Two important questions before you buy
What’s the easiest way to make my hybrid bike lighter?
If you’re currently riding a hybrid that isn’t a total clunker, then try going tubeless before replacing the entire bike. That’ll drop around 3 oz per wheel—not an impressive number, but surprisingly noticeable since it’s all rotating weight. Stan’s NoTubes is the go-to for conversion kits, but drop by your local bike shop first to confirm whether your existing rims are easy to convert.
A new, tubeless-ready wheelset solves any conversion issues and may cut more than a pound of rotating weight. But a worthy wheel upgrade can run $500-$1000, so that might be a case where a new bike is actually most cost-effective. (And if that’s on the table, then check out this article on the best time to buy a bike.)

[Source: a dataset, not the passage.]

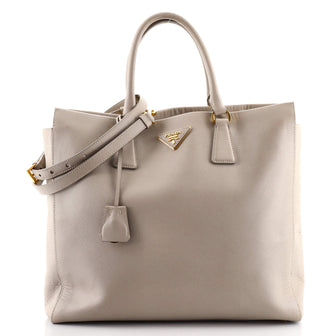 Prada Convertible Open Tote Saffiano Leather Medium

You can also trim a little more weight with carbon-fiber versions of, well, just about anything. Keep in mind that prices for quality aftermarket composites parts can be eye-watering, so it’s not the best bang for your buck.
Does saving weight make sense for you?
This is important on two levels.
The first is financial. Bike weight reduction can be a slippery slope, so I try to take a cost-benefit approach.
A hybrid with high-end carbon everything will have terrific ride quality and, obviously, light weight. We can take that for granted. The real question is whether doubling or tripling the price will also double or triple your enjoyment of the ride.
There’s no wrong answer.
It’s perfectly fine to earnestly say, “Of course I won’t enjoy it three times as much, but I still like it more, and I can easily afford it!”
But if you’re expecting a featherweight bike to kindle a love for the sport or a passion for exercise that you’ve never had—or even just to make big hills feel like a breeze—you’re in for disappointment. A bike of any weight is a machine, and that’s asking too much of it.
The other level is strictly practical. Will you need to lock the bike to public racks where every exposed surface will, eventually, get gouged and knicked? Will you carry cargo or heavy accessories that add back all the weight you’ve paid through the nose to save?
A sub-20-lb hybrid might be a blast to ride unladen, but the snappiness disappears under a stuffed commuting pannier.